Zds Project Log

26.11.2005

MB standoffs prototyping

Filed under: C case — @ 6:48

Instead of advancing with leaps and bounds I have delved deeper and deeper into pondering different details in the project. I have also been working almost all time when awake, so not much got done. Three deadlines in two weeks is too much.

Anyway, here is the most successful design this far realized in plastic:

And here some rubber foam between acrylic supports to give mobo smoother ride:

And foamcore piece acting as MB:

On another front, I started covering the lower shroud. I will put two to three bitumen sheets on the bottom and then softer material on top of it. Here is first piece in place:

My aim is to level the shroud by adding layers of bitumen (as there is the acrylic top and then some structural flaps on the bottom) and also use it to start giving some curvature to the body.

23.11.2005

MB tray rails, take two

Filed under: C case — @ 8:15

Now that I have acceptable mobo tray coming, I needed rails that would fit it perfectly. However good the tray is, it’s of no use if it doesn’t sit nicely on the rails.

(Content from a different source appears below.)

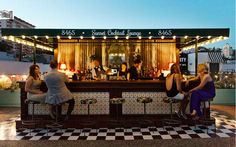 three people sitting at a bar on top of a roof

So, after lot of planning I decided to scrap the idea of gluing pieces together and instead went for U-shaped pieces between the rails and made it damn sure there U-pieces are exactly the right size.

I started with the most crucial and the most difficult ones, the middle rail spacers. I measured distance between the straightest edges of the tray grooves to be at 29mm distance, so as rails are 3mm thick I needed 26mm of spacing.

Since rails being exactly parallel is yet more crucial than having right spacing, I made a “mold” by clamping to pieces of plank to the table and going through with cardboard guide of exactly 26mm to make sure they had the right spacing all the way. To further ensure parallelism I did both U pieces from one piece and will cut it to two separate spacers only after it has been bent to right shape.

Here is the starting point: planks, cardboard measurement tool and piece of acrylic with bending points marked:

Since it’s pretty hard to get so tight 180 degree bends, I started first just making a U bend approximately the correct size:

And then proceeded to force it between the planks:

As you can see, the original U bend was a bit too wide and now the borders bend inwards:

But a little more firm and determined guiding will teach it how to behave:

Fine-tuning the last fractions of millimeter by adding enough newspaper there to make it bend back enough and then adding some heat:

Final measurements. Pretty close to the 26mm I aimed at, huh? :-]


22.11.2005

All over again

Filed under: C case — @ 2:42

Being properly armed I decided to throw away my old mobo tray lower layer and start all over again. After all, I am not doing modding to produce results that do not please myself, even if they are not visible. So here we go.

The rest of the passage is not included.